To answer, print the line containing "Ice cubes on a black reflective background" and each line after it in the listing below, exactly as they stand.

[Start of Attachment]

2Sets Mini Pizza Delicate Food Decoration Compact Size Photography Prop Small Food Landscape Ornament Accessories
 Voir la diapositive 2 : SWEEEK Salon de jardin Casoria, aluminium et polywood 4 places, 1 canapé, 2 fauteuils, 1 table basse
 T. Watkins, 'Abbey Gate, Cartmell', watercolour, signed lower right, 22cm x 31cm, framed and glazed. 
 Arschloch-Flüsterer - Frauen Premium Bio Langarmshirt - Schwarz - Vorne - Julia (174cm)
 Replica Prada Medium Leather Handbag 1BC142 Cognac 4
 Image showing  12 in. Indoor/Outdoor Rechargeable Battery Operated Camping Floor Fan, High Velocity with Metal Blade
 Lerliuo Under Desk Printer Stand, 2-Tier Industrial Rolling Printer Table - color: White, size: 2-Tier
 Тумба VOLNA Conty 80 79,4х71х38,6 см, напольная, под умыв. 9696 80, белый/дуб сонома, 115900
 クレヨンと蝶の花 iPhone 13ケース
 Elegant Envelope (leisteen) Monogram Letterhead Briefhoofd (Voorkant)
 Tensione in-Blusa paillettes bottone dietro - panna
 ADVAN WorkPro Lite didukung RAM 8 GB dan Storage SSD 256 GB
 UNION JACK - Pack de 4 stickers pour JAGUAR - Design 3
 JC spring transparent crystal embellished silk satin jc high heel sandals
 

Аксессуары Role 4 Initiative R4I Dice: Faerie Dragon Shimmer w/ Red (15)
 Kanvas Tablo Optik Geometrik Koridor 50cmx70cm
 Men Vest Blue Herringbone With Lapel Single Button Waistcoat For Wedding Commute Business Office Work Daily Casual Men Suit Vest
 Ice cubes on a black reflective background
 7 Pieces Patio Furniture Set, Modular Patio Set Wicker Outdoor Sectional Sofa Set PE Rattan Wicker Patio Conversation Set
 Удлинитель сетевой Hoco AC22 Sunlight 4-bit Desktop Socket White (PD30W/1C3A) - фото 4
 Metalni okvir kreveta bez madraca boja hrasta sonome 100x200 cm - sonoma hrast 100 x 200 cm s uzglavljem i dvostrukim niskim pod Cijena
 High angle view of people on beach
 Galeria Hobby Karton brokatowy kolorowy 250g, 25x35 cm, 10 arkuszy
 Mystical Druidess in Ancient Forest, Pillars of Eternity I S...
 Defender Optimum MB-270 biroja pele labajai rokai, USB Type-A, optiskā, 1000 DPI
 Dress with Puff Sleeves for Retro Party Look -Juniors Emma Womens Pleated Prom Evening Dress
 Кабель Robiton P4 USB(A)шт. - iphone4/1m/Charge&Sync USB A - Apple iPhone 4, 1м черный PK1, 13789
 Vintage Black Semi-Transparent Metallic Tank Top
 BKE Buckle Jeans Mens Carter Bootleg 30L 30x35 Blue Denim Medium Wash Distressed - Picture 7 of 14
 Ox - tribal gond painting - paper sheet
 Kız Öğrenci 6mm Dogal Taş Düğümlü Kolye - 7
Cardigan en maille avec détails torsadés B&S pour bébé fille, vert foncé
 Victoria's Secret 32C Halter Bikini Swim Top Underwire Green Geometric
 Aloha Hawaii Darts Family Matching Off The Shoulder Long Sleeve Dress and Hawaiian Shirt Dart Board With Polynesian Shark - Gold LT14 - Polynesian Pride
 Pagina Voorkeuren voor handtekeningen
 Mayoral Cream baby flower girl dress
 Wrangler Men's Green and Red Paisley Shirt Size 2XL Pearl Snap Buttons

[End of Attachment]

**Response to this exercise:**
 Ice cubes on a black reflective background
 7 Pieces Patio Furniture Set, Modular Patio Set Wicker Outdoor Sectional Sofa Set PE Rattan Wicker Patio Conversation Set
 Удлинитель сетевой Hoco AC22 Sunlight 4-bit Desktop Socket White (PD30W/1C3A) - фото 4
 Metalni okvir kreveta bez madraca boja hrasta sonome 100x200 cm - sonoma hrast 100 x 200 cm s uzglavljem i dvostrukim niskim pod Cijena
 High angle view of people on beach
 Galeria Hobby Karton brokatowy kolorowy 250g, 25x35 cm, 10 arkuszy
 Mystical Druidess in Ancient Forest, Pillars of Eternity I S...
 Defender Optimum MB-270 biroja pele labajai rokai, USB Type-A, optiskā, 1000 DPI
 Dress with Puff Sleeves for Retro Party Look -Juniors Emma Womens Pleated Prom Evening Dress
 Кабель Robiton P4 USB(A)шт. - iphone4/1m/Charge&Sync USB A - Apple iPhone 4, 1м черный PK1, 13789
 Vintage Black Semi-Transparent Metallic Tank Top
 BKE Buckle Jeans Mens Carter Bootleg 30L 30x35 Blue Denim Medium Wash Distressed - Picture 7 of 14
 Ox - tribal gond painting - paper sheet
 Kız Öğrenci 6mm Dogal Taş Düğümlü Kolye - 7
Cardigan en maille avec détails torsadés B&S pour bébé fille, vert foncé
 Victoria's Secret 32C Halter Bikini Swim Top Underwire Green Geometric
 Aloha Hawaii Darts Family Matching Off The Shoulder Long Sleeve Dress and Hawaiian Shirt Dart Board With Polynesian Shark - Gold LT14 - Polynesian Pride
 Pagina Voorkeuren voor handtekeningen
 Mayoral Cream baby flower girl dress
 Wrangler Men's Green and Red Paisley Shirt Size 2XL Pearl Snap Buttons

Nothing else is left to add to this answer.